**Action item:**
In the records below, find the line that contains "Tempel von Luxor". Retype that line and all the lines after it through the end, leaving out the pictures.

··· Records supplied ···

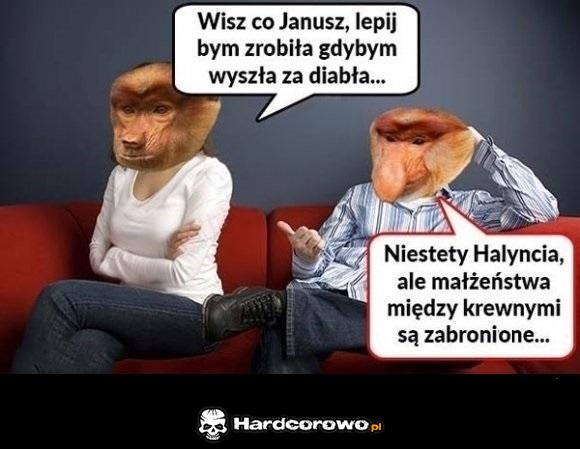 Janusz - mistrz ciętej riposty - 1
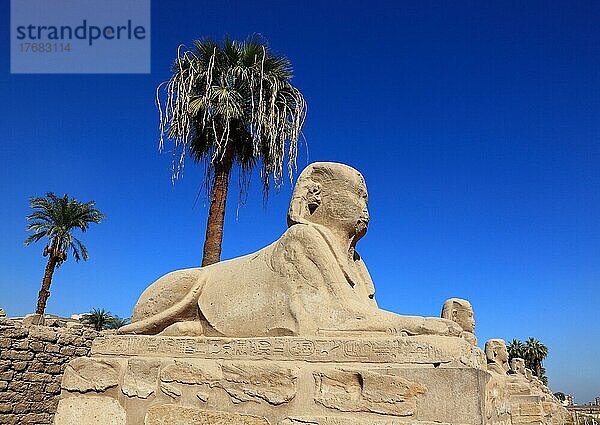 Tempel von Luxor  Sphingenallee  Sphinx vor der Tempelanlage  UNESCO-Weltkulturerbe  Oberägypten  Ägypten  Afrika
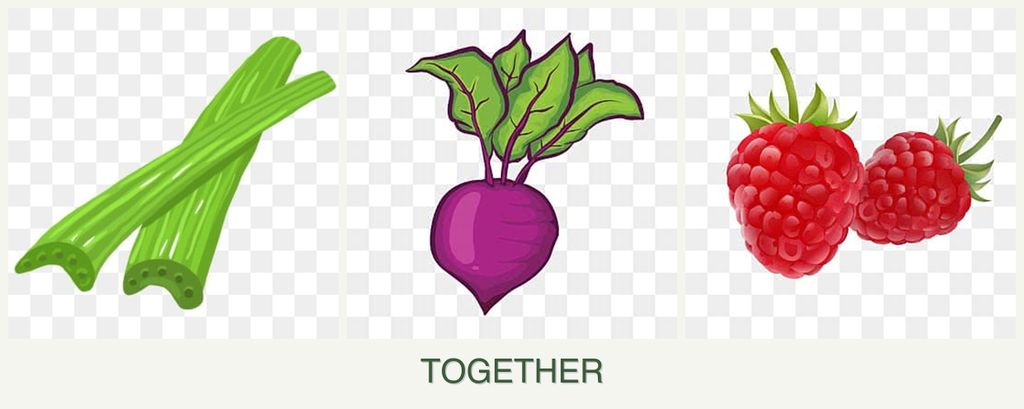 Can you plant celery, beets and raspberries together?
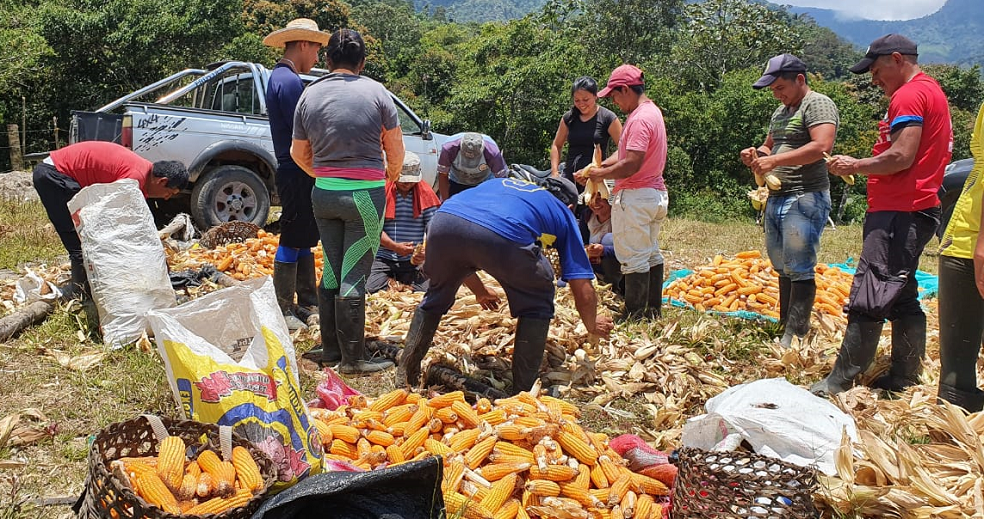 En zonas PDET, respaldo de la comunidad a la reincorporación de Farc llega al 80%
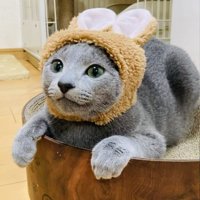 うさぎの被り物を被って爪とぎボウルに座るロシアンブルー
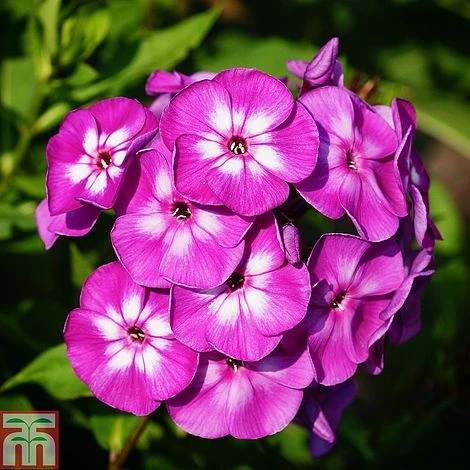 Phlox Paniculata 'Purple Eye Flame' 1 Phlox Paniculata 'Purple Eye Flame'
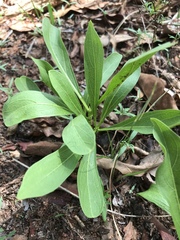 Pygmaeothamnus zeyheri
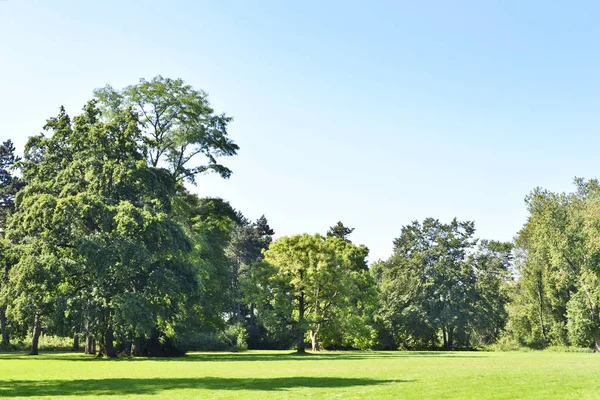Park scene with green meadow — Stock Photo, Image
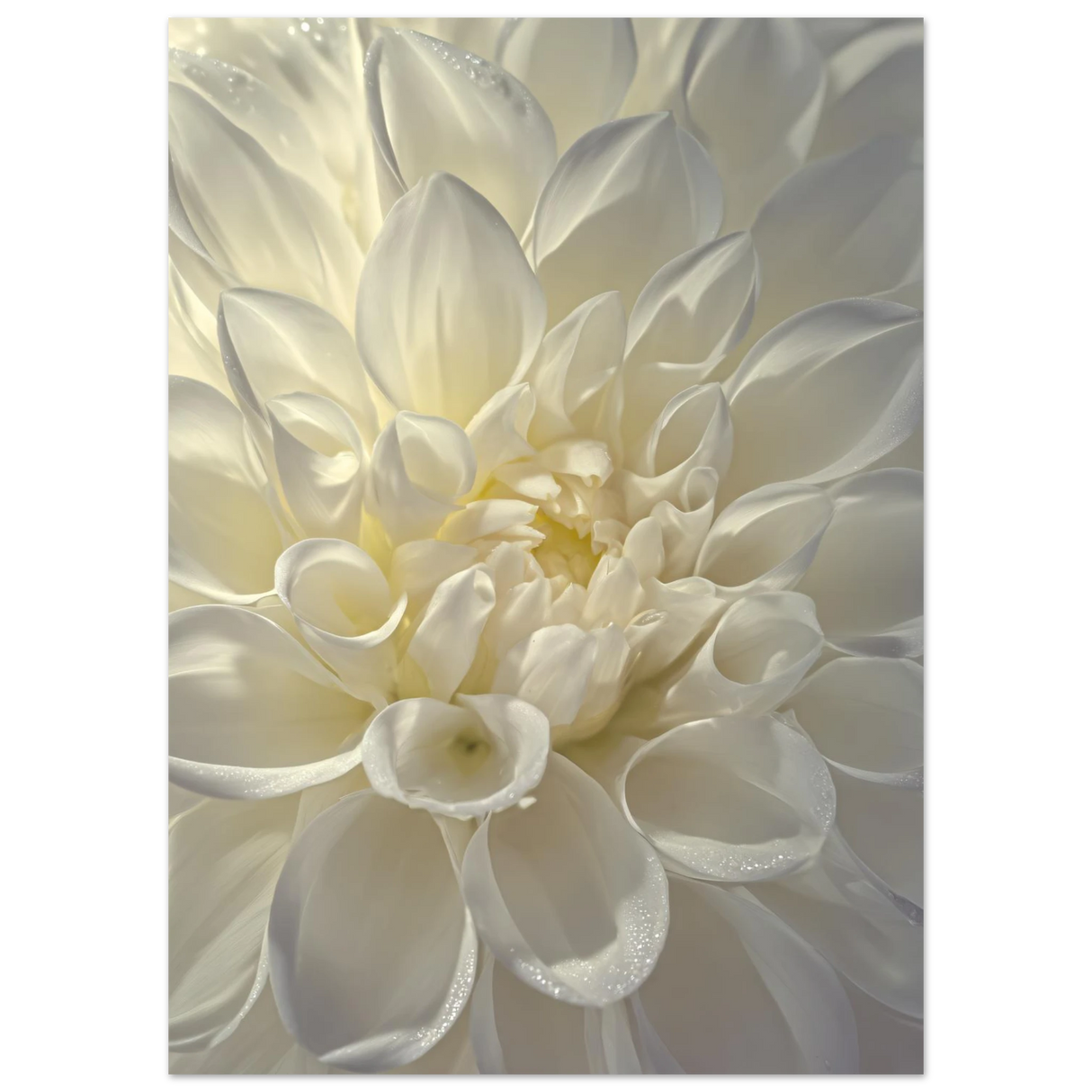#50 x 70 cm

···

**Result:**
 Tempel von Luxor  Sphingenallee  Sphinx vor der Tempelanlage  UNESCO-Weltkulturerbe  Oberägypten  Ägypten  Afrika
 Can you plant celery, beets and raspberries together?
 En zonas PDET, respaldo de la comunidad a la reincorporación de Farc llega al 80%
 うさぎの被り物を被って爪とぎボウルに座るロシアンブルー
 Phlox Paniculata 'Purple Eye Flame' 1 Phlox Paniculata 'Purple Eye Flame'
 Pygmaeothamnus zeyheri
Park scene with green meadow — Stock Photo, Image
#50 x 70 cm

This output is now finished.